BEGIN
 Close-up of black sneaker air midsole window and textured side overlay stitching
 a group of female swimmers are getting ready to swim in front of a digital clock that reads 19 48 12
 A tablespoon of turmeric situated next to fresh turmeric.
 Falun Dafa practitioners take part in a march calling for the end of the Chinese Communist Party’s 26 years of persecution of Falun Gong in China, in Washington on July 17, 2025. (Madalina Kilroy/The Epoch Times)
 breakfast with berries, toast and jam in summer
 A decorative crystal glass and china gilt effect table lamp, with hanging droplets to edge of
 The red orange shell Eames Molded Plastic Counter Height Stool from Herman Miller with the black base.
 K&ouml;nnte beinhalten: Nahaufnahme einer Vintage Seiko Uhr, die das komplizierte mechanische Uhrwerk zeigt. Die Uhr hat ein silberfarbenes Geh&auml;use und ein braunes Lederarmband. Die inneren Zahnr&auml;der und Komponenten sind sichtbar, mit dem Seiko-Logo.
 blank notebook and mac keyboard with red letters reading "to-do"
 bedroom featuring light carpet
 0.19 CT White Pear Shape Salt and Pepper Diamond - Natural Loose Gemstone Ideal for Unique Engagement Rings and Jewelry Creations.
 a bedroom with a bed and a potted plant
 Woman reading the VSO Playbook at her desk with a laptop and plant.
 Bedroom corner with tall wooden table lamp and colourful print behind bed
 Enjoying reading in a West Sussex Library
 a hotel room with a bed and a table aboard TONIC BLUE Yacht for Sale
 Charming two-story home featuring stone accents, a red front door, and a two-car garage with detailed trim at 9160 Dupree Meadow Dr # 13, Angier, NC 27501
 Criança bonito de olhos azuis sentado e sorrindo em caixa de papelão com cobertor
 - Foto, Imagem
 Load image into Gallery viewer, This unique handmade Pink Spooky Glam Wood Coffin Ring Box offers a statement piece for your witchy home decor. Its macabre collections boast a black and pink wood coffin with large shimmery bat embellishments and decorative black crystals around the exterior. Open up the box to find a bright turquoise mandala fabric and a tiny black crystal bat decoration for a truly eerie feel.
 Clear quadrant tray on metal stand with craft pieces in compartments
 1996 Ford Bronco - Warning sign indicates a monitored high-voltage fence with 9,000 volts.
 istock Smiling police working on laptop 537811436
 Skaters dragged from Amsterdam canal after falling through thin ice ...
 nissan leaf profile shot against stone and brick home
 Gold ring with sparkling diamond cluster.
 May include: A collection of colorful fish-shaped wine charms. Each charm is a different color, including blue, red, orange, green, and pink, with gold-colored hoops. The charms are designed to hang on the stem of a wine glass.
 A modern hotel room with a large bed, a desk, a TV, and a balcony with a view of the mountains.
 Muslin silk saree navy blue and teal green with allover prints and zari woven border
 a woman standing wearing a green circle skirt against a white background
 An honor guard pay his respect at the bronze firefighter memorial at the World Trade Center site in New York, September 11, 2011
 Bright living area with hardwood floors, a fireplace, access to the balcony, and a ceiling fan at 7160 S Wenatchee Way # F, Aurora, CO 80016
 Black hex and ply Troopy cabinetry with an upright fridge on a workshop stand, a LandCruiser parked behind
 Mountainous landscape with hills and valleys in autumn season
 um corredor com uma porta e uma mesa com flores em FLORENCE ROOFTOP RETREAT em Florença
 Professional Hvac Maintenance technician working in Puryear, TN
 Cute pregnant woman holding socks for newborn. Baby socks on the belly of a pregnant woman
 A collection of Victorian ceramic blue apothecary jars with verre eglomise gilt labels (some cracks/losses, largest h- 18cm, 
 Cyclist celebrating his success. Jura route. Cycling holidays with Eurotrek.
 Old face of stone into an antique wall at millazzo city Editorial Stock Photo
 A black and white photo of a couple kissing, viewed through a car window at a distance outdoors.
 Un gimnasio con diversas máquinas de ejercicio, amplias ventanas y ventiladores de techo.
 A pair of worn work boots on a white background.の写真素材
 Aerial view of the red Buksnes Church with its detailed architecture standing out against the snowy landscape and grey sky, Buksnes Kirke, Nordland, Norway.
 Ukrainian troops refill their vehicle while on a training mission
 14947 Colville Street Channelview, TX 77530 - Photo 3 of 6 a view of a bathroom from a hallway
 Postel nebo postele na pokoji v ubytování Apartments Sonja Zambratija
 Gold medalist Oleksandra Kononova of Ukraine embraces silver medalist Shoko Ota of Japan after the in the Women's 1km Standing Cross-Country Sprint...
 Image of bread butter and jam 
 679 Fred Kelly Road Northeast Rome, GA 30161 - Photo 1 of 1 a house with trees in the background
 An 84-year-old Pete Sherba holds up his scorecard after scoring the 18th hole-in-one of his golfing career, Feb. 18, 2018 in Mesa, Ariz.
END
• WHAT YOU SHOULD DO:
Where a line contains "679 Fred Kelly", begin there and output each line through the end of the data above, exactly; give no other lines.

• RESULT FOR THIS TASK:
 679 Fred Kelly Road Northeast Rome, GA 30161 - Photo 1 of 1 a house with trees in the background
 An 84-year-old Pete Sherba holds up his scorecard after scoring the 18th hole-in-one of his golfing career, Feb. 18, 2018 in Mesa, Ariz.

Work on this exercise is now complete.